As we’ve mentioned, to work, the system tunes into the radio to get the latest traffic reports - in fact it actually uses the same service that your favourite radio station uses to get its traffic - hence how it can tell you every incident from John O’Groats to Penzance.

But achieving all this comes at a price and you have to have a horrible FM aerial strewn across your dashboard and suckered to your windscreen for the service to work. It is certainly not a fetching accessory to that plush car you were hoping to put it in.

Furthermore it requires a power source and a tangle of cables to work. In short it's horrible and even in the words of Bud Smith, Global Product Manager at Navman, it is “Not pretty, but then we don’t expect this to be for the mainstream consumer”.
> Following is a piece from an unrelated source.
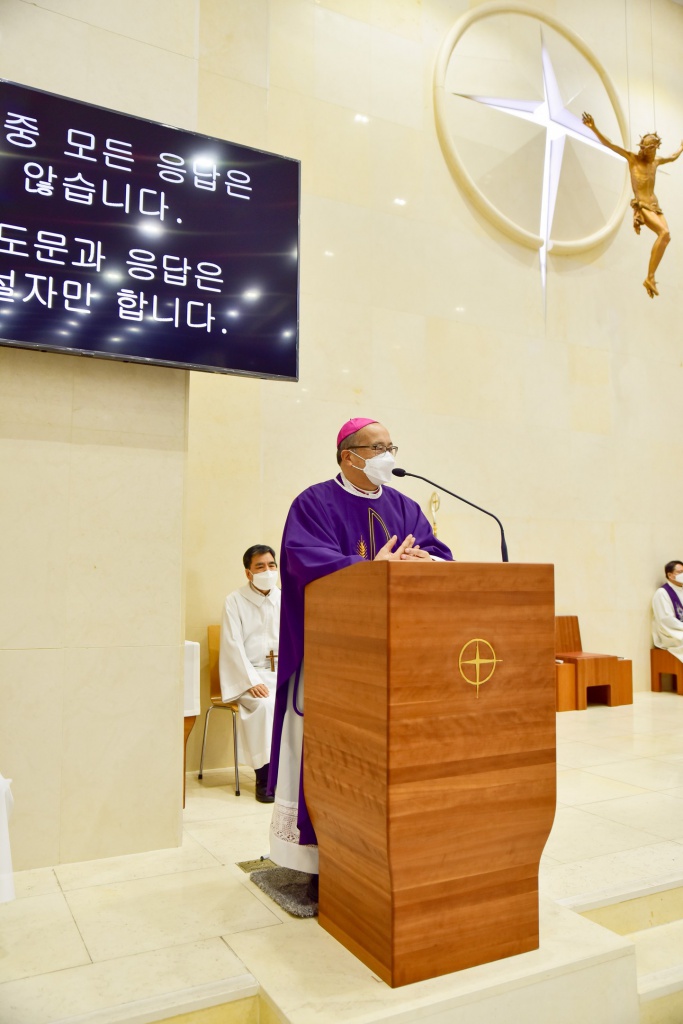 주교님미사집전26.jpg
In today’s world everything needs to be for the mainstream consumer. I don’t want to spend £600 on a GPS system that is going to be difficult or complicated or blatantly looks horrid. I want something that I am not going to have to make excuses for whenever a colleague or friend gets in the car, and I certainly don’t want to have to justify to Mrs Pocket-lint that the reason I’ve covered the car in wires is so we miss the odd traffic jam when we go to the Mother-in-Law’s. It just doesn’t work like that.

Rant aside, the traffic element of the system works very well. Furthermore the actual unit is very easy to use and a vast improvement on Navman’s entry model - although at almost twice the price you would hope so.

Worthy bits to mention are a 3.5in touch screen colour display, the use of a 4Gb hard drive that comes preloaded with a complete map of Europe pre-installed and the introduction of a petrol and parking button that will tell you where the nearest of both are (independently of course) and if it’s the petrol station option you can even have the system add it to the route so you aren’t going off the beaten track.

The other option we liked was the ability to change the display from 2D to 3D to instructions and more on the press of a button rather than searching deep into the menu system.

Verdict

With the traffic element, the Navman iCN 550 is a worthy satnav system. Add the traffic element to the offering and whilst expensive in the short run does become a compelling offering if you plan to use this over a couple of years.

So why are we more enthused? It comes down to all those wires again.

For us the unit not only has to work, but it has to look good doing it, and the iCN550 just doesn't look good when you've got a bunch of cables dangled across your dashboard. Wait 6 month and Navman will hopefully have solved the problems. Until then only mad scientists, early adopters and fans of Back to the Future's DeLorean need only apply.